If only fs.azure.account.oauth2.client.endpoint is set, the tenant id is parsed from the endpoint path automatically — there is no need to set msi.tenant separately.

$SPARK_HOME/bin/spark-shell \
...
--conf spark.hadoop.fs.azure.account.oauth2.client.id.myaccount.dfs.core.windows.net=<client-id> \
--conf spark.hadoop.fs.azure.account.oauth2.client.secret.myaccount.dfs.core.windows.net=<client-secret> \
--conf spark.hadoop.fs.azure.account.oauth2.client.endpoint.myaccount.dfs.core.windows.net=https://login.microsoftonline.com/<tenant-id>/oauth2/token
...

Example 4: SAS token scoped to a container

$SPARK_HOME/bin/spark-shell \
...
--conf spark.hadoop.fs.azure.sas.mycontainer.myaccount.dfs.core.windows.net='sv=2020-08-04&sig=...'
...

Limitations#

  1. Partial Hadoop ABFS configuration support: Only the fs.azure.* keys listed above are translated and applied to the underlying object_store crate.

  2. Supported schemes: Only abfs and abfss are routed to the native Azure store. wasb[s], az, azure, and adl are not supported. wasb[s] is not recognised by object_store at all; az, azure, and adl are recognised by object_store but treat the URL host as the container rather than the account, which is incompatible with Hadoop’s account-scoped configuration keys.
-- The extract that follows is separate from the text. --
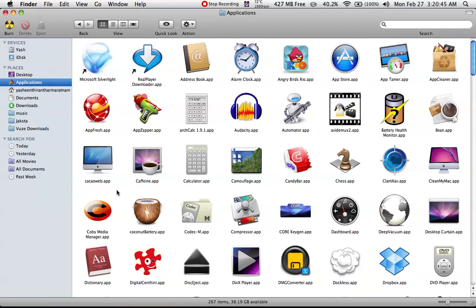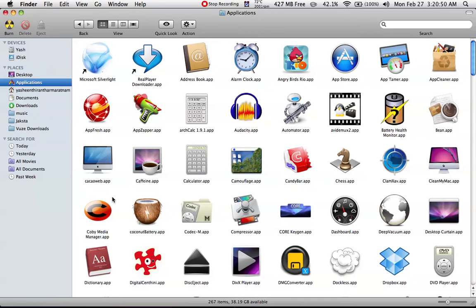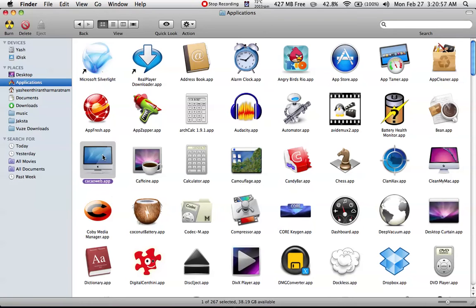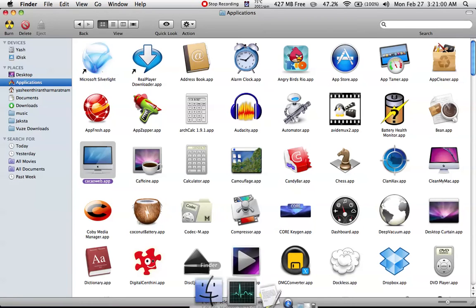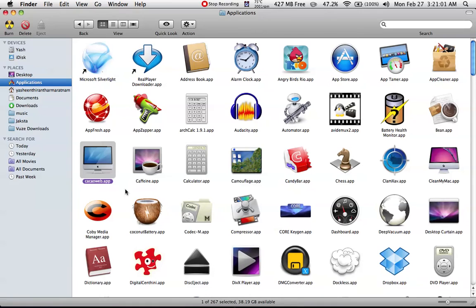So they created an application called Kakao, Kakao Web, or something like that. If you open this - I don't want to open it now because I have to open a browser too - when you open this, you will open a new browser.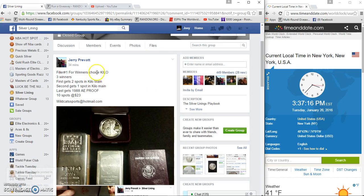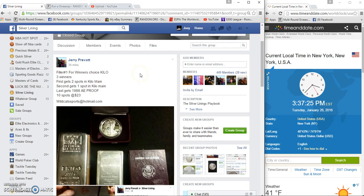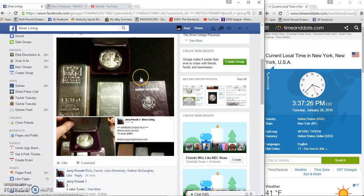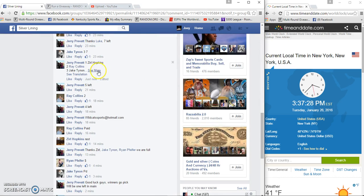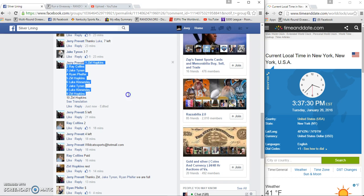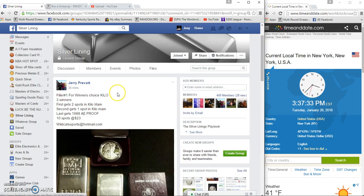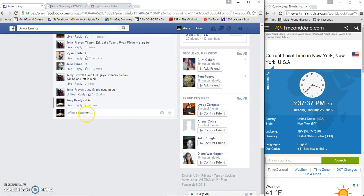What's up guys, gonna run a kilo filler for Jerry. First place gets two spots in the kilo, second place gets one spot in the kilo, last place gets a 1988 American Eagle proof. 10 spots at $23 a spot. First, second, and last - 3:37 PM.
  3. URL shape: URLs must include the account in the host, i.e. abfss://<container>@<account>.dfs.core.windows.net/<path>. Bare abfs://<container>/<path> (fsspec-style, no account in the URL) is not supported because Comet cannot resolve the storage account name.

  4. Endpoint suffixes for account-scoped lookup: Comet probes for account-scoped keys under dfs.core.windows.net and blob.core.windows.net. Custom or sovereign-cloud endpoint suffixes (e.g. dfs.core.chinacloudapi.cn, Fabric endpoints) are not probed; use the unscoped <key>.<account> form for those.